▶ [ABOUT THIS TASK]: Starting at the line below that contains "Cold Shoulder Peplum Blouse with Belt" and ending at the line that contains "Document preview: Form", retype each line exactly as it stands, but omit the pictures.

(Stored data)
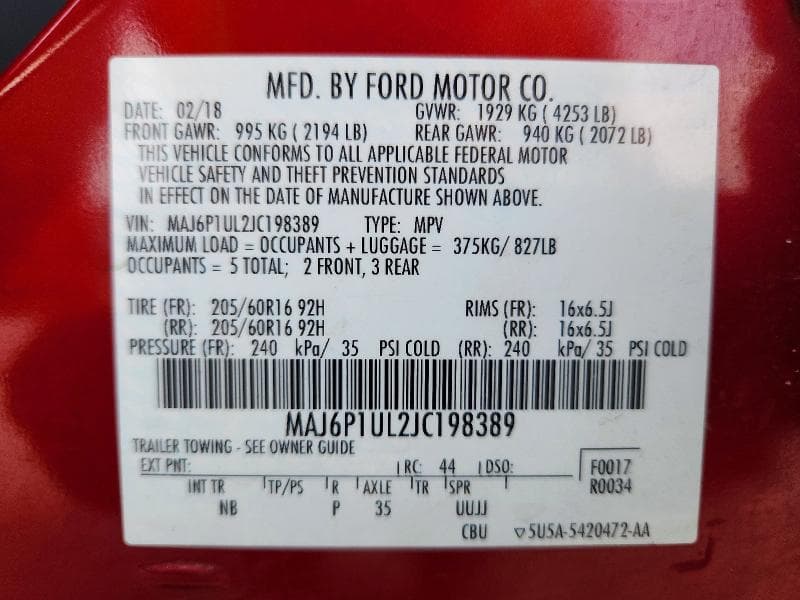 2018 FORD ECOSPORT SE 13
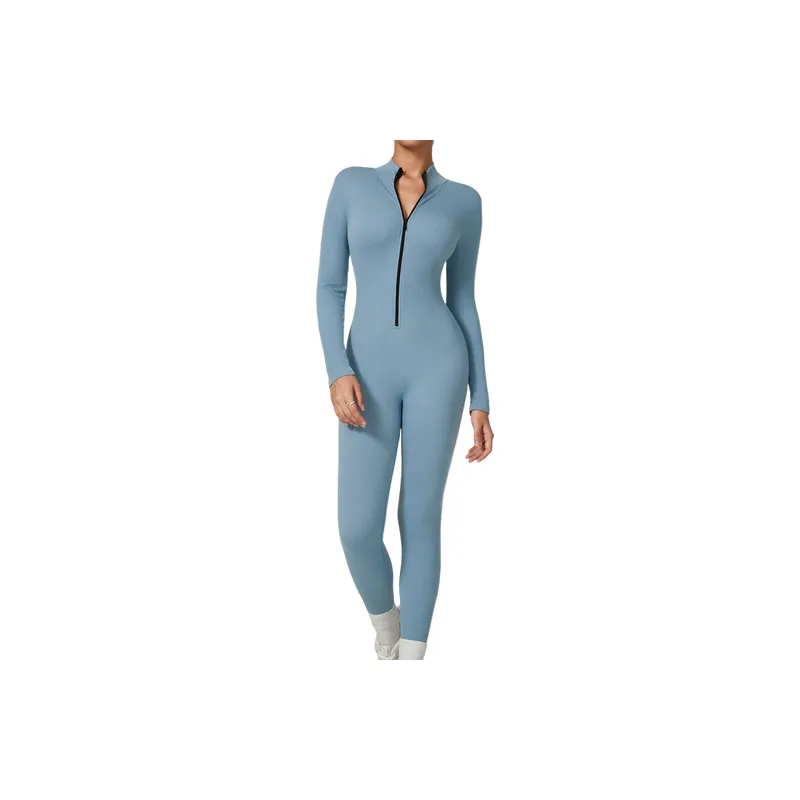 Basics Zipper Blended Synthetic Fabrics Bodysuit Women-1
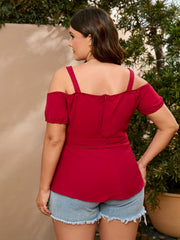 Cold Shoulder Peplum Blouse with Belt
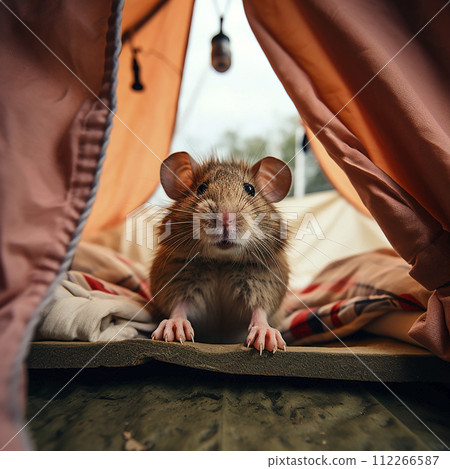 A curious rat stands at the entrance of a tent, peeking out into the surrounding area. Its front paws rest on the tents groundsheet, while warm blankets can be seen inside the tent, suggesting a comfo 112266587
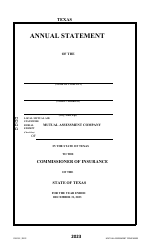 Document preview: Form FIN251 Annual Statement - Mutual Assessments, Burials, Lmas - Texas, 2023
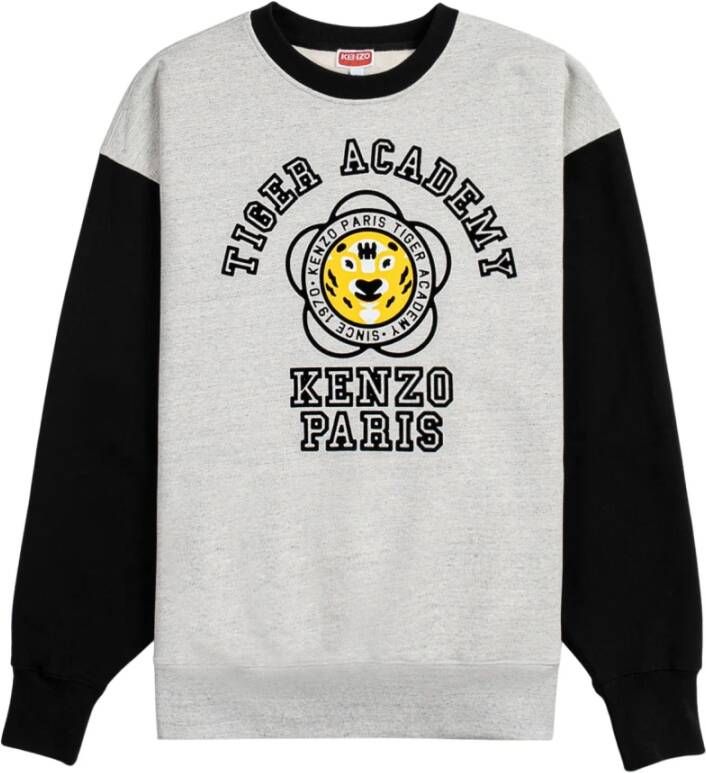 Kenzo Tiger Academy Oversize Katoenen Sweatshirt Grijs Heren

▶ [EXPECTED ANSWER]:
 Cold Shoulder Peplum Blouse with Belt
 A curious rat stands at the entrance of a tent, peeking out into the surrounding area. Its front paws rest on the tents groundsheet, while warm blankets can be seen inside the tent, suggesting a comfo 112266587
 Document preview: Form FIN251 Annual Statement - Mutual Assessments, Burials, Lmas - Texas, 2023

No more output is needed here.